Quelle dure et triste journée à passer encore ! Que vais-je faire ? J’ai à travailler, à rattraper le retard de mon courrier, mais j’y ai si peu le cœur !! et je suis tellement las.
La neige continue toujours à tomber !! si c’était seulement mon linceul !!
8h soir Travaillé jusqu’à 3h1/2. Porté mes lettres. Eté au commissariat, causé avec Luchesse !! Celui-ci m’a dit que le Général Didier, commandant de Place (Général Léon Jules Didier, en fonction à Reims du 3 octobre 1918 au 10 mai 1920 (1865-1932)), était ennuyé de son arrêté contre les débitants et qu’il lui avait demandé de lui écrire une lettre pour le prier de rapporter cet arrêté !! on n’est pas plus mufle ! Le Galonnard aurait voulu trouver un prétexte pour ne pas montrer qu’il avait fait une bêtise ! Luchesse s’est tenu coi ! bien entendu ! Que la culotte de peau se débrouille !! Ces gens-là n’ont même pas le courage d’avouer qu’ils ont fait une bêtise !
De là été à la Maison de Retraite, 26, rue Simon voir la Mère Ste Thérèse de l’Hôtel-Dieu, Supérieure de Roederer. Heureuse d’être revenue à Reims. Nous avons causé longuement de leur avenir et de leur réinstallation à Roederer, c’est-à-dire toute la Communauté, même les Religieuses qui sont à Cras-Avernas depuis le décret d’expulsion de 1906. L’administration des Hospices est disposée à leur bâtir un pavillon isolé qui leur servirait de couvent, cellules, chapelle, salles, réfectoires, etc… une communauté dans les jardins de l’Hospice Roederer et pour avoir un droit de propriété et de résidence absolu, les Religieuses verseraient une somme pour coopérer à la construction de ce monastère. Elles y rentreraient toutes et soigneraient les malades.

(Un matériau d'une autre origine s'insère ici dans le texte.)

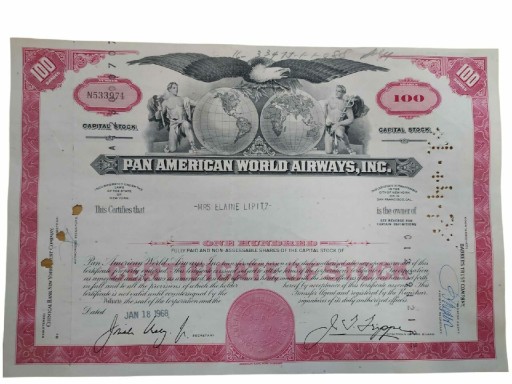Zdjęcie oferty: Kolekcjonerskie akcje USA 1968 r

Durant leur séjour à Rouen les Religieuses des Roederer ont suivi des cours d’infirmières chirurgicales et ont obtenu leur diplôme. Elles sont donc en règle et peuvent s’imposer dans nos Hospices. La Mère Ste Thérèse a chargé M. Maitrehut, leur aumônier, et M. Quantelot leur supérieur ecclésiastique, d’en parler à la Mère Ste Pauline, Supérieure Générale à Cras, et il est convenu que j’irai ensuite pour mettre l’affaire pratique au point et à exécution avec l’administration des Hospices et la Municipalité.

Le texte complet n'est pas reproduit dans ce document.